Pernyataan itu kontan menuai respons keras dari masyarakat Karawang. Mereka menilai pertemuan tersebut hanya formalitas tanpa menyentuh akar masalah, yakni penghinaan terhadap identitas warga lokal oleh perusahaan asing yang beroperasi di tanah mereka sendiri.
“Kami Bukan Butuh Les Matematika, Kami Butuh Keadilan”
Aktivis ketenagakerjaan Karawang menilai pertemuan itu tidak mewakili suara masyarakat luas.
“Ini bukan sekadar soal Desa Wadas. Yang dihina, yang dilecehkan itu warga Karawang secara keseluruhan. Tidak bisa diredam hanya dengan pelatihan dan klarifikasi sepihak,” ujar MR. KiM salah satu aktivis ketenagakerjaan Karawang.
Menurutnya, luka sosial akibat pernyataan HRD PT FCC tidak bisa diselesaikan hanya dengan diplomasi satu arah. Publik menuntut keadilan, bukan belas kasihan.
“Kami tidak anti-industri, tapi jangan pernah abaikan harga diri masyarakat. Jangan hanya karena ingin ‘produksi tetap jalan’, lalu masalah disapu di bawah karpet.”
Industri Butuh SDM, Tapi SDM Juga Butuh Dihargai
Gubernur Dedi Mulyadi menyatakan bahwa proses rekrutmen ke depan akan dilakukan secara digital dan transparan. Namun, publik menilai janji semacam itu sudah terlalu sering diucapkan dan tidak menyentuh persoalan esensial: ketimpangan kekuasaan antara industri dan warga.
Kepala Desa Wadas, Junaedi, yang hadir dalam pertemuan tersebut, mengajak warga untuk tidak melakukan aksi lanjutan dan menyerahkan proses kepada pemerintah.
Namun di media sosial dan forum-forum warga, suara penolakan terus bergema. Banyak yang merasa tidak diajak bicara, tidak diajak duduk satu meja, dan tidak diberikan ruang untuk menyampaikan rasa kecewa mereka.
Tuntutan Hukum dan Penghormatan Sosial
Hingga kini, proses hukum terhadap HRD PT FCC masih berlangsung di Polres Karawang. Publik mendesak agar penegakan hukum tidak berhenti di tengah jalan dan dilakukan secara transparan, tanpa intervensi politik atau kekuasaan.
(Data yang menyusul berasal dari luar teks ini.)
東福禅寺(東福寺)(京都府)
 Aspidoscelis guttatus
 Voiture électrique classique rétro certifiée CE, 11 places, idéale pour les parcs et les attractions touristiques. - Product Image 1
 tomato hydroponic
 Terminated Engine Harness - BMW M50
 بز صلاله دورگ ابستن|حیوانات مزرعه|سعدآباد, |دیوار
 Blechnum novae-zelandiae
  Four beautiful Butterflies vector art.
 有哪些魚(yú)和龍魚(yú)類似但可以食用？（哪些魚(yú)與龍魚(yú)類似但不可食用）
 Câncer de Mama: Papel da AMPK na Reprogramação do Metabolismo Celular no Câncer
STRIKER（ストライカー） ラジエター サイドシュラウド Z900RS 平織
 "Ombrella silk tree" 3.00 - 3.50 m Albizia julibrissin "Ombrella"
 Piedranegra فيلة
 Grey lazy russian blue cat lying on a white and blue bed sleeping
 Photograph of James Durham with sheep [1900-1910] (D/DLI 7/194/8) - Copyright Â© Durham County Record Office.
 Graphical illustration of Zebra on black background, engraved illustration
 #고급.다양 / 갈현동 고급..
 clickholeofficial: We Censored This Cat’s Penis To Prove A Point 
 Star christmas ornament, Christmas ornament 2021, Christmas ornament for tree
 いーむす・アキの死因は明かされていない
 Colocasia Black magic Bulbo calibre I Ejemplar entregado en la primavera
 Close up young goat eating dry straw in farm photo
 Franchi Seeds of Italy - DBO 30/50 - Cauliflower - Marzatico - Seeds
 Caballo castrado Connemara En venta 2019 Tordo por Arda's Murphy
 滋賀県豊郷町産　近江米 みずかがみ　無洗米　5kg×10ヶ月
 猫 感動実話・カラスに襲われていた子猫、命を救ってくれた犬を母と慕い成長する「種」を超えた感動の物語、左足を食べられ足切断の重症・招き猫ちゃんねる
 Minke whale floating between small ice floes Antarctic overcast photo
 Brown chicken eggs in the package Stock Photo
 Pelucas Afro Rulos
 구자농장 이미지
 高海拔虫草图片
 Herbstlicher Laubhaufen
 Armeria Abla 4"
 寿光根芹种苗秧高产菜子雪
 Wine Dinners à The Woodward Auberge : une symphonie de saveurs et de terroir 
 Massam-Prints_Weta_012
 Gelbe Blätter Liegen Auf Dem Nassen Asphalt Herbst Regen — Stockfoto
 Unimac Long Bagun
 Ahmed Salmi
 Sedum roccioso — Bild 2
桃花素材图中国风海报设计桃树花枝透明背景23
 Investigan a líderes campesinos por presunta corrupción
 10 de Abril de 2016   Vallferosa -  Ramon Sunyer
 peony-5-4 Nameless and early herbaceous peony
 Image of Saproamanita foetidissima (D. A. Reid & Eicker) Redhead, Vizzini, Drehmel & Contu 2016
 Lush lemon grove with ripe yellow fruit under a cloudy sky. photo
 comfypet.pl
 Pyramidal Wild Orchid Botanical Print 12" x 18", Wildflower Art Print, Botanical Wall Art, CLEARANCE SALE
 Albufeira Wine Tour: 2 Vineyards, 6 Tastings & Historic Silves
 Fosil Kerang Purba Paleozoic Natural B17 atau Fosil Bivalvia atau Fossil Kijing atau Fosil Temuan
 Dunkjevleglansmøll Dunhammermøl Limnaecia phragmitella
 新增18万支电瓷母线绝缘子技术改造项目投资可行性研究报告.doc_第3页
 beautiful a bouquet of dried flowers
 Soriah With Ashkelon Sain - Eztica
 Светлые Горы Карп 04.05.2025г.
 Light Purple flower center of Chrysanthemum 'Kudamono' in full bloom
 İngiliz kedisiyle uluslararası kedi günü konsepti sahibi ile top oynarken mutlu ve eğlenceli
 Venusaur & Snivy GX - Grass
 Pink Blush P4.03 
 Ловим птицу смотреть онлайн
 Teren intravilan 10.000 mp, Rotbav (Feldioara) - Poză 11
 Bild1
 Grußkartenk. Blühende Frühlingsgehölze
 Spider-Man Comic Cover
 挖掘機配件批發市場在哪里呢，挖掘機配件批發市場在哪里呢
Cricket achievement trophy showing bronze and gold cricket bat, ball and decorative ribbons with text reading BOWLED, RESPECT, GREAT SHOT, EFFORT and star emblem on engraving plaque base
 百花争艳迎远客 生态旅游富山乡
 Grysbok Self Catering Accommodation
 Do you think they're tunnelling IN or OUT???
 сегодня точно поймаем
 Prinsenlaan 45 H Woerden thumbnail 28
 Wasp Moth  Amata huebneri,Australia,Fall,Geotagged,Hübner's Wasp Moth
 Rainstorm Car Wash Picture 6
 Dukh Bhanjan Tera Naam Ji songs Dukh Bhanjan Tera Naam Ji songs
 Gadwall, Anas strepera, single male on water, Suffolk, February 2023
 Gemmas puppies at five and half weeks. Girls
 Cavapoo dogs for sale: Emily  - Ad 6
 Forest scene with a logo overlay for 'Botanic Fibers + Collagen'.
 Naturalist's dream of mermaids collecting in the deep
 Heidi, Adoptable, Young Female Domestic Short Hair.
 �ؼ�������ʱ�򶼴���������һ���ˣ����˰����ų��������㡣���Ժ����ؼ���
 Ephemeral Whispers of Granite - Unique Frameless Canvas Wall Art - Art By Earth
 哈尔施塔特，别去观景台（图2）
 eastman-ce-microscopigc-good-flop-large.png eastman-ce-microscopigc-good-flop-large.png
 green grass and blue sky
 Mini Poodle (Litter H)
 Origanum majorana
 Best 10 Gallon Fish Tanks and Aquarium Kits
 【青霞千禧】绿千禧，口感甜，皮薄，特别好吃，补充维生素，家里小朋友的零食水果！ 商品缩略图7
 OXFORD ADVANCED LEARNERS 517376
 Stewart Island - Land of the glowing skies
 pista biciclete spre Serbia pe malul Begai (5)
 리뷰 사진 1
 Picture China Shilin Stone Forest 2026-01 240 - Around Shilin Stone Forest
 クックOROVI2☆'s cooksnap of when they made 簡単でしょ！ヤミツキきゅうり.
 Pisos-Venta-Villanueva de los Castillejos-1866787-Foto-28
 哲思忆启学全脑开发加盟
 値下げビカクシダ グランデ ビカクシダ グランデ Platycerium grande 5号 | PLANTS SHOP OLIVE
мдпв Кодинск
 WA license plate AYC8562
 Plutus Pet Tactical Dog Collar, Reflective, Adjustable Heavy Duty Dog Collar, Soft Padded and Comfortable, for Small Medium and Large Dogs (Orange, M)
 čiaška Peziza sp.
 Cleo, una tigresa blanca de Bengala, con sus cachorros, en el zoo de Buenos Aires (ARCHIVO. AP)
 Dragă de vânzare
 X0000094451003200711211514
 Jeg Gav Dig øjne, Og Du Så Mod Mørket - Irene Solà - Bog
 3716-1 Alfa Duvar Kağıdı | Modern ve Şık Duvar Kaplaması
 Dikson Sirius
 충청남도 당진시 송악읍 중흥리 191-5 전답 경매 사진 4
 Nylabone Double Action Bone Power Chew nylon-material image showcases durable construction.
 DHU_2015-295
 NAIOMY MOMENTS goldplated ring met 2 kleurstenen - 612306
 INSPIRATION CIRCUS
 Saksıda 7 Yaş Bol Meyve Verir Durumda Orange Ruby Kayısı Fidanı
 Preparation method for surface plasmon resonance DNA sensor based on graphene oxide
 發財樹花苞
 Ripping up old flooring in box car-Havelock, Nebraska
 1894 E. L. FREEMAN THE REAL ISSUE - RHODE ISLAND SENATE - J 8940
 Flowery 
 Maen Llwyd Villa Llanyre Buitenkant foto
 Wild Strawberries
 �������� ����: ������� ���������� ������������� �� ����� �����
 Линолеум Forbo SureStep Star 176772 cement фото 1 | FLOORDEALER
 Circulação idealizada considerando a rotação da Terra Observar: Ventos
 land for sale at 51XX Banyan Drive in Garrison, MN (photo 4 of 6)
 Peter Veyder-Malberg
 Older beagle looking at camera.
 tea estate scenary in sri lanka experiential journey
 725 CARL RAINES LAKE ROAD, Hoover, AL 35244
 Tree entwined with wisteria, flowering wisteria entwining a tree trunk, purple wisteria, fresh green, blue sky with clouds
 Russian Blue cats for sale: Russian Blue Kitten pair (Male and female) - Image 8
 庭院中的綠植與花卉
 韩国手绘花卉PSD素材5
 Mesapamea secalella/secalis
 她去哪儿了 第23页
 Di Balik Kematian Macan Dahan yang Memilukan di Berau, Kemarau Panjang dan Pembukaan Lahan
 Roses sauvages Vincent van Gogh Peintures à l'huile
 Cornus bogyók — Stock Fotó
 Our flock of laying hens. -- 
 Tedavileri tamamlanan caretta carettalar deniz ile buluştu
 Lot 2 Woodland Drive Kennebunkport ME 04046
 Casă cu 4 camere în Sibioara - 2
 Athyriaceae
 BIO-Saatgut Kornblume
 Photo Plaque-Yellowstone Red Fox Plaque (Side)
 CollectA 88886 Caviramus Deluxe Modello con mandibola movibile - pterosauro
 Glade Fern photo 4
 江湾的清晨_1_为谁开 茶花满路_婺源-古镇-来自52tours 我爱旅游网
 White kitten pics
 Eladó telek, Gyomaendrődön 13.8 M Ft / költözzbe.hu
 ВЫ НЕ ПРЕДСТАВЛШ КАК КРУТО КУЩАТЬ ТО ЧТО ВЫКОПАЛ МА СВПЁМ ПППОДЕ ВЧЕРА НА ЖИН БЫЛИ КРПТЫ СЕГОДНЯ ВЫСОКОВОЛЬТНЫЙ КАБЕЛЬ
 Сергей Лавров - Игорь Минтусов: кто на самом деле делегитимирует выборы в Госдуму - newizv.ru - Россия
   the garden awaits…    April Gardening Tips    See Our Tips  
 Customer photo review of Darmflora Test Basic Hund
“Kami ingin industri menghormati kami, bukan hanya memakai tenaga kami. Jika satu pernyataan bisa melecehkan seluruh kabupaten, maka satu permintaan maaf saja tidak cukup,” tulis salah satu warganet di kolom komentar unggahan video klarifikasi tersebut.
Catatan Redaksi:
Karawang adalah lumbung industri nasional. Tapi Karawang juga punya harga diri. Jika relasi antara industri dan rakyat dibangun di atas ketimpangan, maka tidak heran jika suara-suara kecewa terus membuncah. Ini bukan soal pekerjaan semata, ini soal pengakuan akan keberadaan dan martabat manusia Karawang.